*INSTRUCTIONS TO FOLLOW:*
Write down each entry precisely as given.

*RECORDS PROVIDED:*

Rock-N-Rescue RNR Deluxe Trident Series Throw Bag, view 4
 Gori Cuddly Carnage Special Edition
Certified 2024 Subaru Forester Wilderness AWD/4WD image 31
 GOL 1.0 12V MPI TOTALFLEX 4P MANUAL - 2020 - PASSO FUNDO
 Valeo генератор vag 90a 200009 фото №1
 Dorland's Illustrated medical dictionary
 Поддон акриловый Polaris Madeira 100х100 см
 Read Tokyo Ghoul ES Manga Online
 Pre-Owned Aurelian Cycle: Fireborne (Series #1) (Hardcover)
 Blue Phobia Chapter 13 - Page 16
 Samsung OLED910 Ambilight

*WRITTEN ANSWER:*
Rock-N-Rescue RNR Deluxe Trident Series Throw Bag, view 4
 Gori Cuddly Carnage Special Edition
Certified 2024 Subaru Forester Wilderness AWD/4WD image 31
 GOL 1.0 12V MPI TOTALFLEX 4P MANUAL - 2020 - PASSO FUNDO
 Valeo генератор vag 90a 200009 фото №1
 Dorland's Illustrated medical dictionary
 Поддон акриловый Polaris Madeira 100х100 см
 Read Tokyo Ghoul ES Manga Online
 Pre-Owned Aurelian Cycle: Fireborne (Series #1) (Hardcover)
 Blue Phobia Chapter 13 - Page 16
 Samsung OLED910 Ambilight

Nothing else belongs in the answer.